En plus de ces accusations, le désormais ancien vice-président de Publifin a exposé d’autres éléments troublants. Il explique ainsi que c’est son président d’arrondissement, Jean-Paul Bastin, qui lui a proposé d’entrer chez Tecteo, devenue Publifin-Nethys ensuite. Motif invoqué: ses compétences dans le monde de l’édition (il y travaille comme informaticien). Et mission: faire la clarté sur ce que M. Bastin percevait déjà comme une nébuleuse.

Pourtant, lorsqu’en septembre 2013 Tecteo se lancera dans le fameux rachat du journal L’Avenir, on fera tout pour l’écarter de l’assemblée décisionnelle. Évoquant un conflit d’intérêts, Pol Heyse et Dominique Drion finiront par le convaincre de donner procuration. Curieux pour un spécialiste justement entré chez Tecteo pour y démêler les structures.
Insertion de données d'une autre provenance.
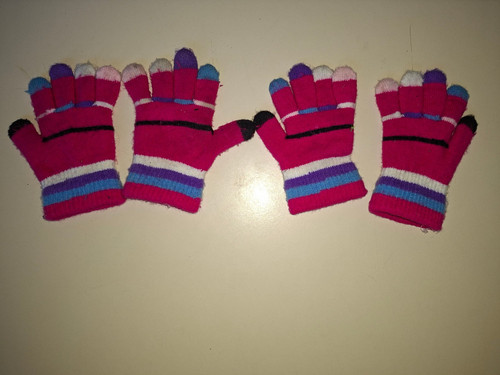 Paar kinder fingerhandschuhe - kinder,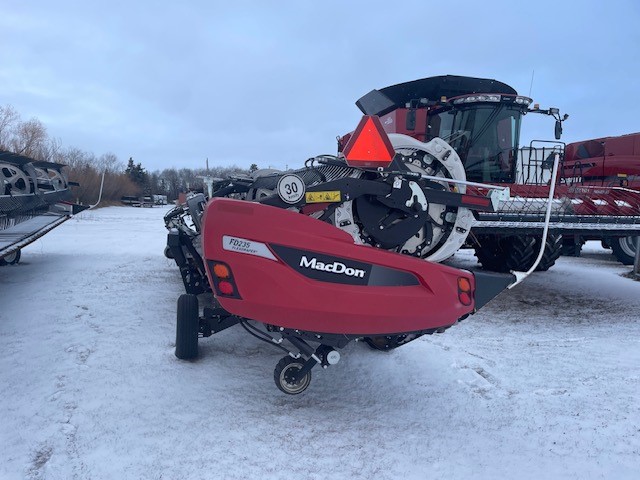 2022 MacDon FD235 Header Combine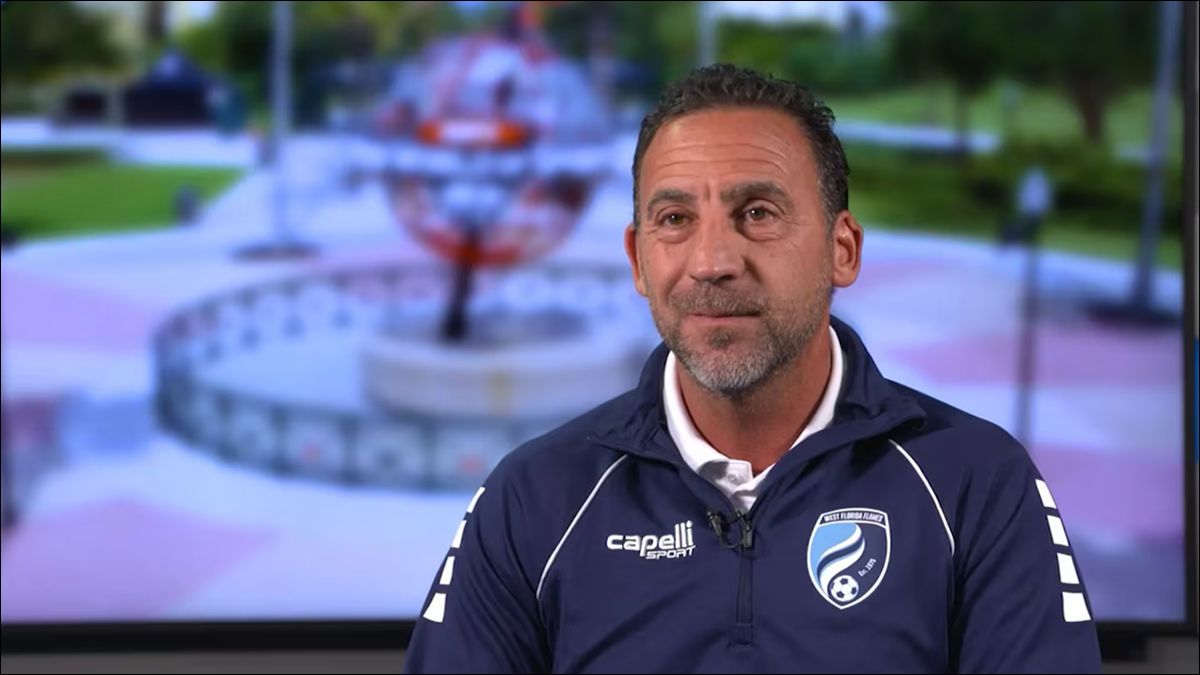 VIGENCIA. Retirado de la NFL, vive en Tampa y trabaja como entrenador en una academia infantil.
Il se dira ensuite «furieux et frustré» du mauvais tour qui lui fut ainsi joué. Mais trop tard.

La même phrase peut aussi s’écrire pour qualifier son enquête sur les comités de secteur. Il sera très vite contacté par Cédric Halin (l’échevin d’Olne qui a révélé le brûlot en décembre dernier), pour lui faire part de ses suspicions quant à de lourds dysfonctionnements qui s’y produisaient. Mais il finira par prendre M. Halin un peu en grippe. Et l’a laissé seul dévoiler le pot aux roses. Lui-même ne démissionnera de Publifin qu’en janvier dernier. De nouveau trop tard, donc.

Pourquoi n’avoir rien proposé pour changer les choses? «Rien proposé à qui? Ce n’était pas audible. Nos propres administrateurs dans les filiales sont inféodés à la filiale privée, Nethys, et ils y gagnent davantage que dans la structure publique», a-t-il rétorqué, un brin amer.

828 euros net

À sa décharge, Didier Hamers n’est pas un professionnel de la politique. L’essentiel de ses revenus lui vient de ses activités privées, même si Publifin lui laissait quand même un confortable «828,59» euros net par mois. Mais pas de quoi s’y intéresser à temps plein, bien entendu. Et surtout avec un appareil du parti qui, visiblement, n’entendait par l’aider dans sa mission de clarification des choses.

Sa conviction, c’est qu’il faut désormais rapatrier dans la coquille vide qu’est devenue Publifin les outils de contrôle sur les filiales privées ainsi que les activités régulées que sont le gaz et l’électricité.